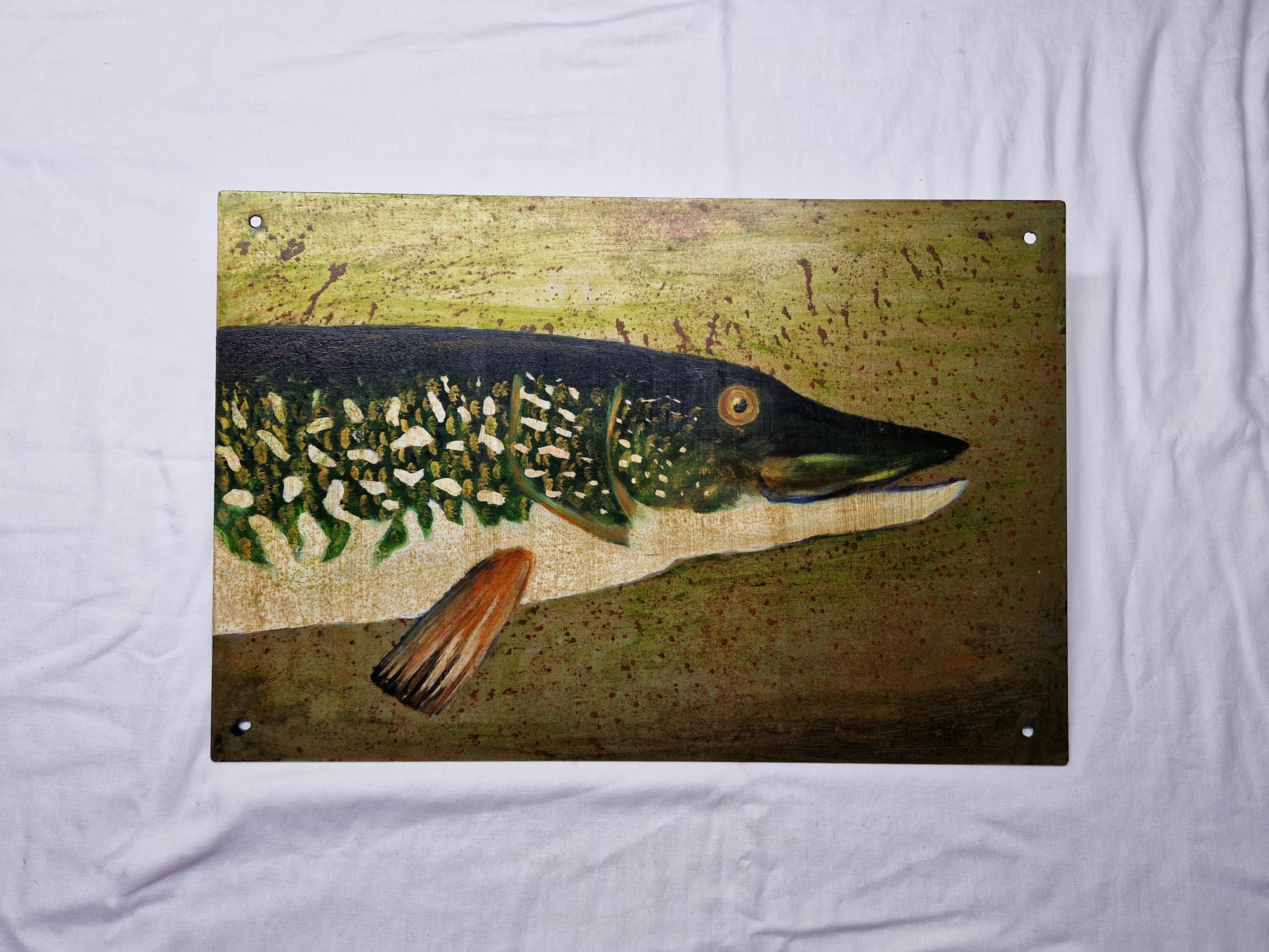Pike on metal sheet image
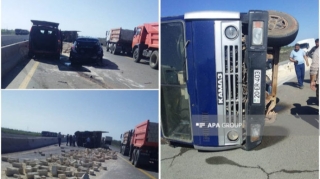 В Уджарском районе грузовик столкнулся с микроавтобусом и легковым автомобилем:  есть пострадавшие - ФОТО 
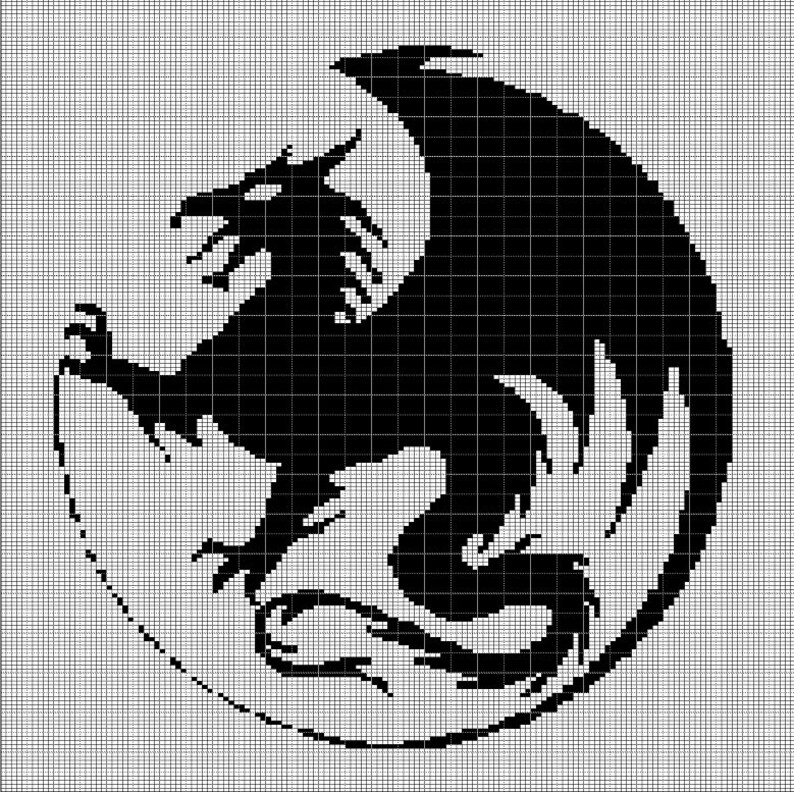 Dragon 4 Crochet Afghan Pattern Graph Etsy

Directions for this task
Leave every picture out and copy precisely the lines from the one containing "В Уджарском районе" through the last line of the data above, both ends included.

Task answer
 В Уджарском районе грузовик столкнулся с микроавтобусом и легковым автомобилем:  есть пострадавшие - ФОТО 
 Dragon 4 Crochet Afghan Pattern Graph Etsy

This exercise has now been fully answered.